* _Task to carry out_
Exact copy required. Repeat the records, but keep the pictures out.

Dataset excerpts
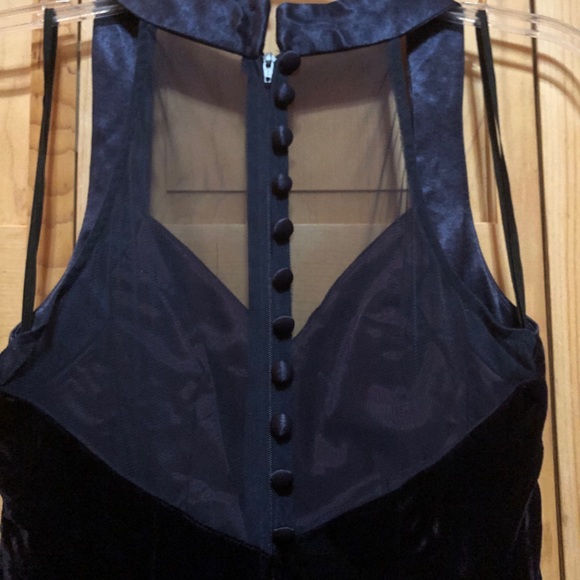 Ladies Formal Dress - Picture 5 of 6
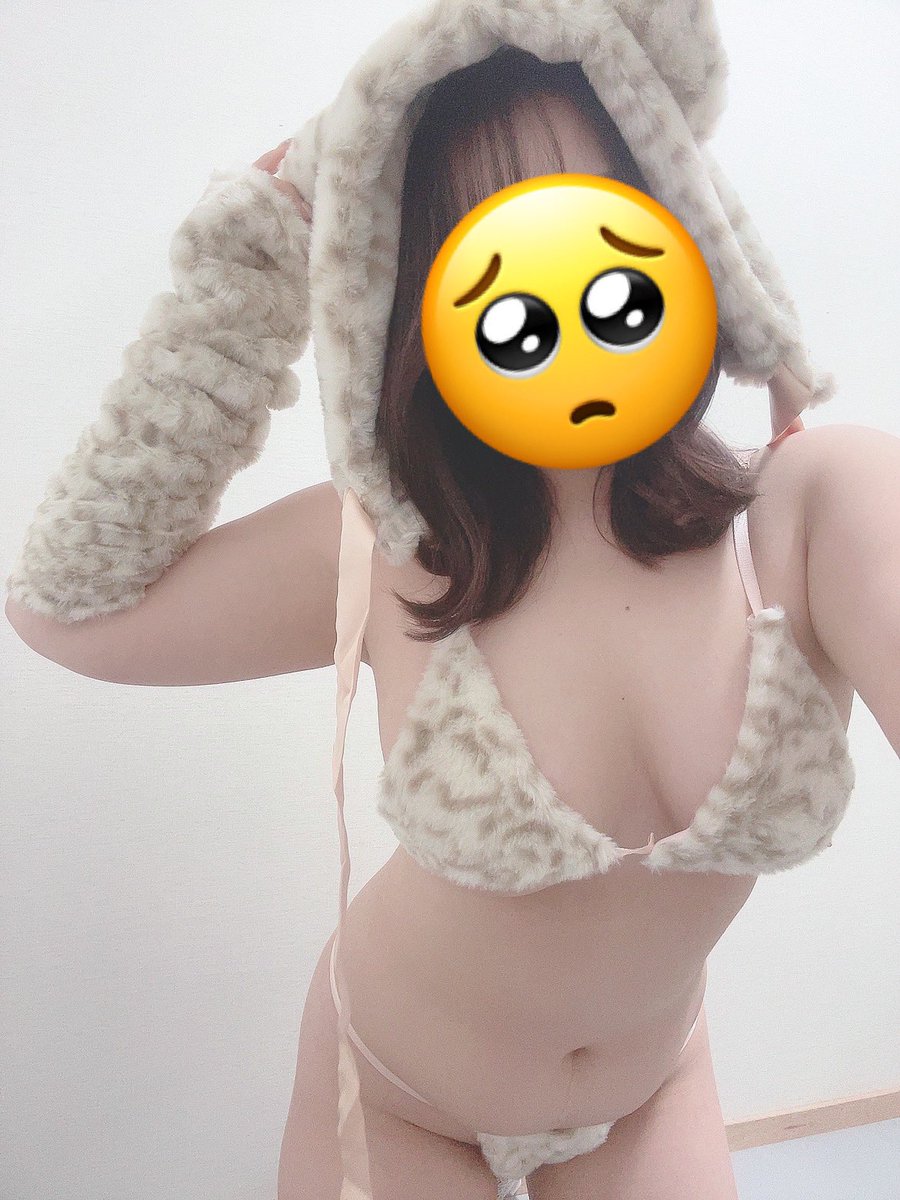 .
頂いた🐱ｺｽめちゃくちゃ可愛い…🤤
年末年始、無事に3㌔太りました佐藤さんです😇明日から絞るぞ~！！ハッピー華金！みんなお疲れ様〜！

#ぽっちゃり女子 
#ぽっちゃりさん好きと繋がりたい 
#ぽっちゃり女子と繋がりたい
#ぽっちゃり好き男子と繋がりたい
#ぽっちゃり専  #デブ専 https://t.co/thu5Kh1kWT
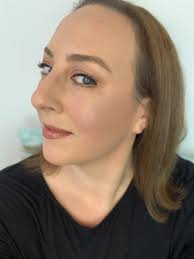makeup tutorial for women over 40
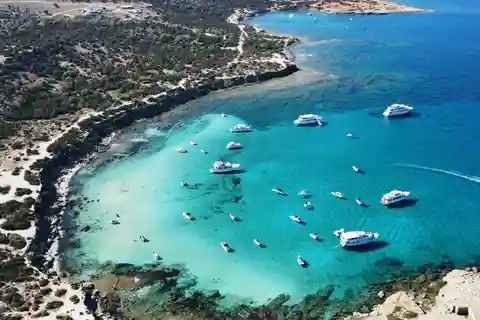 DEPUIS LATCHI : Croisière Blue Lagoon Akamas - grand toboggan aquatique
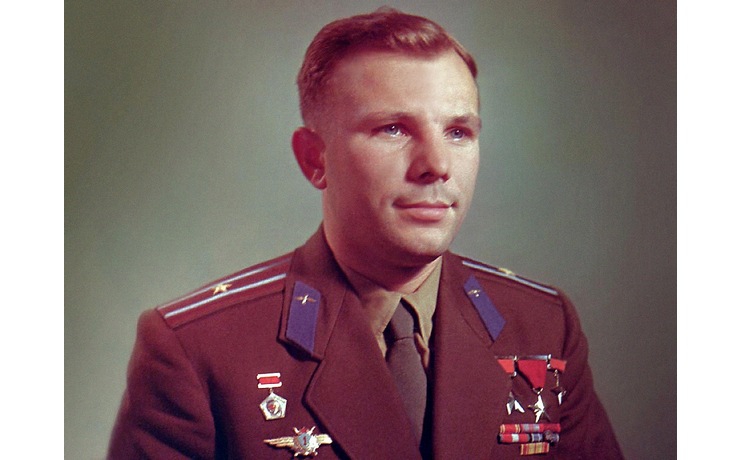<p>54 года назад впервые в мире человек совершил полет в космос. На орбитальном корабле «Восток» советский космонавт Юрий Гагарин облетел землю.</p>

* _Exercise answer_
 Ladies Formal Dress - Picture 5 of 6
 .
頂いた🐱ｺｽめちゃくちゃ可愛い…🤤
年末年始、無事に3㌔太りました佐藤さんです😇明日から絞るぞ~！！ハッピー華金！みんなお疲れ様〜！

#ぽっちゃり女子 
#ぽっちゃりさん好きと繋がりたい 
#ぽっちゃり女子と繋がりたい
#ぽっちゃり好き男子と繋がりたい
#ぽっちゃり専  #デブ専 https://t.co/thu5Kh1kWT
makeup tutorial for women over 40
 DEPUIS LATCHI : Croisière Blue Lagoon Akamas - grand toboggan aquatique
<p>54 года назад впервые в мире человек совершил полет в космос. На орбитальном корабле «Восток» советский космонавт Юрий Гагарин облетел землю.</p>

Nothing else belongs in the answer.